*Work task*. Output the entries verbatim, including every line.

^^^^^^^^^^^^^^^^

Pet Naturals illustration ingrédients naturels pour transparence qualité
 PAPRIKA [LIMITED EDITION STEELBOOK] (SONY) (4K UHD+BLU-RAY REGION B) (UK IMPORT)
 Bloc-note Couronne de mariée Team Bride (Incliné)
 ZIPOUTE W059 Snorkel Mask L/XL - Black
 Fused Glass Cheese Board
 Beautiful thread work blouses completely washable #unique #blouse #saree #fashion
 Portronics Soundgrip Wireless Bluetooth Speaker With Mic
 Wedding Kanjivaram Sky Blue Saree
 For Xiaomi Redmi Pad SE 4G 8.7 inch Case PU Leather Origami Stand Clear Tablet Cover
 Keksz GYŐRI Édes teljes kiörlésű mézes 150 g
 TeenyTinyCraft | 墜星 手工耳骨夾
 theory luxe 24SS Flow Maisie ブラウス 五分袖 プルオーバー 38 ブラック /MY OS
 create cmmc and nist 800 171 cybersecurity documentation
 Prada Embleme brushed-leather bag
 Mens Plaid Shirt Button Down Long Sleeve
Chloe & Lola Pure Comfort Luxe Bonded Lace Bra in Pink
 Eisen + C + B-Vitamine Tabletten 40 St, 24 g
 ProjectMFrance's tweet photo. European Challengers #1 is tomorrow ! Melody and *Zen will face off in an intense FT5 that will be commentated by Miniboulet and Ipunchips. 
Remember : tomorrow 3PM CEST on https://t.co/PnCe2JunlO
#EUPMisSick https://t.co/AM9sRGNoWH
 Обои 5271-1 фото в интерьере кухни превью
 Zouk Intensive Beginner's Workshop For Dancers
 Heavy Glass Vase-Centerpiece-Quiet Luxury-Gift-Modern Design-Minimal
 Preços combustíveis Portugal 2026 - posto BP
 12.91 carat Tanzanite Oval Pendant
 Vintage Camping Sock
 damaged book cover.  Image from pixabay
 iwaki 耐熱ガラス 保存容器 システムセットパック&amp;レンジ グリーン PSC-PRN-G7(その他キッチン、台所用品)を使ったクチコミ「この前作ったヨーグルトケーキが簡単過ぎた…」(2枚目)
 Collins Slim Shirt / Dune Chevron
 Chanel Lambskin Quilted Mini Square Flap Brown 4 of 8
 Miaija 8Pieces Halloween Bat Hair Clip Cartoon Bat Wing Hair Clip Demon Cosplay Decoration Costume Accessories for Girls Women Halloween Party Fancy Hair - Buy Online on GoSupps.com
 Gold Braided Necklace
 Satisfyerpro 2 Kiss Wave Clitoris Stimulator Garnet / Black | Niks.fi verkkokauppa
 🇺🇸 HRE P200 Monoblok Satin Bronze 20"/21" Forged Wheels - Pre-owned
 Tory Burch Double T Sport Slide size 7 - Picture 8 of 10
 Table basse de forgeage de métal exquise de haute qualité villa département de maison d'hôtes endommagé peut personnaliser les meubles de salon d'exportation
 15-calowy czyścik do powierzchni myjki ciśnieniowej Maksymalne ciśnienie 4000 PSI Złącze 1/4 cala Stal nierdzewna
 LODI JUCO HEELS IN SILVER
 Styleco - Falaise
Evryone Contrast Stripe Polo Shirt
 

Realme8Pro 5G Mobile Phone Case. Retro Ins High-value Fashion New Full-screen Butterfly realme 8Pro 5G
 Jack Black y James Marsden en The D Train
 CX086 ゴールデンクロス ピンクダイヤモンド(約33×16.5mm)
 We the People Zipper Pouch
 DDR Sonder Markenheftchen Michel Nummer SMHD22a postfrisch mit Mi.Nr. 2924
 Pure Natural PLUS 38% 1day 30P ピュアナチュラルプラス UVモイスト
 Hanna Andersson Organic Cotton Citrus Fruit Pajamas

^^^^^^^^^^^^^^^^

*Reply*.
Pet Naturals illustration ingrédients naturels pour transparence qualité
 PAPRIKA [LIMITED EDITION STEELBOOK] (SONY) (4K UHD+BLU-RAY REGION B) (UK IMPORT)
 Bloc-note Couronne de mariée Team Bride (Incliné)
 ZIPOUTE W059 Snorkel Mask L/XL - Black
 Fused Glass Cheese Board
 Beautiful thread work blouses completely washable #unique #blouse #saree #fashion
 Portronics Soundgrip Wireless Bluetooth Speaker With Mic
 Wedding Kanjivaram Sky Blue Saree
 For Xiaomi Redmi Pad SE 4G 8.7 inch Case PU Leather Origami Stand Clear Tablet Cover
 Keksz GYŐRI Édes teljes kiörlésű mézes 150 g
 TeenyTinyCraft | 墜星 手工耳骨夾
 theory luxe 24SS Flow Maisie ブラウス 五分袖 プルオーバー 38 ブラック /MY OS
 create cmmc and nist 800 171 cybersecurity documentation
 Prada Embleme brushed-leather bag
 Mens Plaid Shirt Button Down Long Sleeve
Chloe & Lola Pure Comfort Luxe Bonded Lace Bra in Pink
 Eisen + C + B-Vitamine Tabletten 40 St, 24 g
 ProjectMFrance's tweet photo. European Challengers #1 is tomorrow ! Melody and *Zen will face off in an intense FT5 that will be commentated by Miniboulet and Ipunchips. 
Remember : tomorrow 3PM CEST on https://t.co/PnCe2JunlO
#EUPMisSick https://t.co/AM9sRGNoWH
 Обои 5271-1 фото в интерьере кухни превью
 Zouk Intensive Beginner's Workshop For Dancers
 Heavy Glass Vase-Centerpiece-Quiet Luxury-Gift-Modern Design-Minimal
 Preços combustíveis Portugal 2026 - posto BP
 12.91 carat Tanzanite Oval Pendant
 Vintage Camping Sock
 damaged book cover.  Image from pixabay
 iwaki 耐熱ガラス 保存容器 システムセットパック&amp;レンジ グリーン PSC-PRN-G7(その他キッチン、台所用品)を使ったクチコミ「この前作ったヨーグルトケーキが簡単過ぎた…」(2枚目)
 Collins Slim Shirt / Dune Chevron
 Chanel Lambskin Quilted Mini Square Flap Brown 4 of 8
 Miaija 8Pieces Halloween Bat Hair Clip Cartoon Bat Wing Hair Clip Demon Cosplay Decoration Costume Accessories for Girls Women Halloween Party Fancy Hair - Buy Online on GoSupps.com
 Gold Braided Necklace
 Satisfyerpro 2 Kiss Wave Clitoris Stimulator Garnet / Black | Niks.fi verkkokauppa
 🇺🇸 HRE P200 Monoblok Satin Bronze 20"/21" Forged Wheels - Pre-owned
 Tory Burch Double T Sport Slide size 7 - Picture 8 of 10
 Table basse de forgeage de métal exquise de haute qualité villa département de maison d'hôtes endommagé peut personnaliser les meubles de salon d'exportation
 15-calowy czyścik do powierzchni myjki ciśnieniowej Maksymalne ciśnienie 4000 PSI Złącze 1/4 cala Stal nierdzewna
 LODI JUCO HEELS IN SILVER
 Styleco - Falaise
Evryone Contrast Stripe Polo Shirt
 

Realme8Pro 5G Mobile Phone Case. Retro Ins High-value Fashion New Full-screen Butterfly realme 8Pro 5G
 Jack Black y James Marsden en The D Train
 CX086 ゴールデンクロス ピンクダイヤモンド(約33×16.5mm)
 We the People Zipper Pouch
 DDR Sonder Markenheftchen Michel Nummer SMHD22a postfrisch mit Mi.Nr. 2924
 Pure Natural PLUS 38% 1day 30P ピュアナチュラルプラス UVモイスト
 Hanna Andersson Organic Cotton Citrus Fruit Pajamas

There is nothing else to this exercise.